■ Crawled caption data:

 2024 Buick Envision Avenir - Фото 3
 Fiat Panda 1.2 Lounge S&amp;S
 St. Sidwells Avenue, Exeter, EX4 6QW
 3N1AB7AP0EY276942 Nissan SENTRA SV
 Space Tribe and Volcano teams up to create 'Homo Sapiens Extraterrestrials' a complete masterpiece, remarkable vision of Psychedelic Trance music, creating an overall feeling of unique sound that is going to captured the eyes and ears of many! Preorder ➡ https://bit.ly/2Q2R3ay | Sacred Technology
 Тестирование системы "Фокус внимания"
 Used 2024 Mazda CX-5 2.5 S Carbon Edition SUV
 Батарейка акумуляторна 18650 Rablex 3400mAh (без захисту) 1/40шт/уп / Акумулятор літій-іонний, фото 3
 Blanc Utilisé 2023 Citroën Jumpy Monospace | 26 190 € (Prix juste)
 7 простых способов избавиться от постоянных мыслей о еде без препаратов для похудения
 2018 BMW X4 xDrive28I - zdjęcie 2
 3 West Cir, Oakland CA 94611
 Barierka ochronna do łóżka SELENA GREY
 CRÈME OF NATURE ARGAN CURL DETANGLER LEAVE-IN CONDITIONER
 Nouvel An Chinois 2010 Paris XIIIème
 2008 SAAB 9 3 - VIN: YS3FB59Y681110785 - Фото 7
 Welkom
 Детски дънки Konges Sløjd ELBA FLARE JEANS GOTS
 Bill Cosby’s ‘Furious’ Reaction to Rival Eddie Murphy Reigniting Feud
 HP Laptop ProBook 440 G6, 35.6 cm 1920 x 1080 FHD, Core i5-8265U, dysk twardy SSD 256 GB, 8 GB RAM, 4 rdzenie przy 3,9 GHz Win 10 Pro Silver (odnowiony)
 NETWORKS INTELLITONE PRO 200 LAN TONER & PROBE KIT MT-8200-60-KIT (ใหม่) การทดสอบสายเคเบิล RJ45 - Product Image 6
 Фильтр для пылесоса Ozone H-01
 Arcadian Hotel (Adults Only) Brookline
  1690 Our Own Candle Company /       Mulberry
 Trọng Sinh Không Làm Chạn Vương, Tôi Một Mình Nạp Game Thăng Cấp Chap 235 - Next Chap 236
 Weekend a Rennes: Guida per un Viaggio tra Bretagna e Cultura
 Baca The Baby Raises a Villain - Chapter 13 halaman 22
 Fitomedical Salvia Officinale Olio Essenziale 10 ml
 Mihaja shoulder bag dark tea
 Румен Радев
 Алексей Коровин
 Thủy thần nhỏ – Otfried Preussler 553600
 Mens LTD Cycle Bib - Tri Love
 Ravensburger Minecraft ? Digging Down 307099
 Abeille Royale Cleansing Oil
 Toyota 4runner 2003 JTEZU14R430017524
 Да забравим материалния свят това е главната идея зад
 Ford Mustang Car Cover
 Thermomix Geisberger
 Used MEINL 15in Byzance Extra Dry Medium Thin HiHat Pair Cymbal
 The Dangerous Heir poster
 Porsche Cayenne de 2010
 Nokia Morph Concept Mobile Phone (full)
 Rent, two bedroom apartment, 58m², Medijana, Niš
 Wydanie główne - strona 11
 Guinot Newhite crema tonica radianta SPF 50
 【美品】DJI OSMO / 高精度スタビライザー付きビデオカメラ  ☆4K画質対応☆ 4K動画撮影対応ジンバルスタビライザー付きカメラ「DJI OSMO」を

■ Description of the task: What you return should consist solely of the lines from the one containing "Trọng Sinh Không" through the end of the entries above, reproduced exactly.

■ Expected answer:
 Trọng Sinh Không Làm Chạn Vương, Tôi Một Mình Nạp Game Thăng Cấp Chap 235 - Next Chap 236
 Weekend a Rennes: Guida per un Viaggio tra Bretagna e Cultura
 Baca The Baby Raises a Villain - Chapter 13 halaman 22
 Fitomedical Salvia Officinale Olio Essenziale 10 ml
 Mihaja shoulder bag dark tea
 Румен Радев
 Алексей Коровин
 Thủy thần nhỏ – Otfried Preussler 553600
 Mens LTD Cycle Bib - Tri Love
 Ravensburger Minecraft ? Digging Down 307099
 Abeille Royale Cleansing Oil
 Toyota 4runner 2003 JTEZU14R430017524
 Да забравим материалния свят това е главната идея зад
 Ford Mustang Car Cover
 Thermomix Geisberger
 Used MEINL 15in Byzance Extra Dry Medium Thin HiHat Pair Cymbal
 The Dangerous Heir poster
 Porsche Cayenne de 2010
 Nokia Morph Concept Mobile Phone (full)
 Rent, two bedroom apartment, 58m², Medijana, Niš
 Wydanie główne - strona 11
 Guinot Newhite crema tonica radianta SPF 50
 【美品】DJI OSMO / 高精度スタビライザー付きビデオカメラ  ☆4K画質対応☆ 4K動画撮影対応ジンバルスタビライザー付きカメラ「DJI OSMO」を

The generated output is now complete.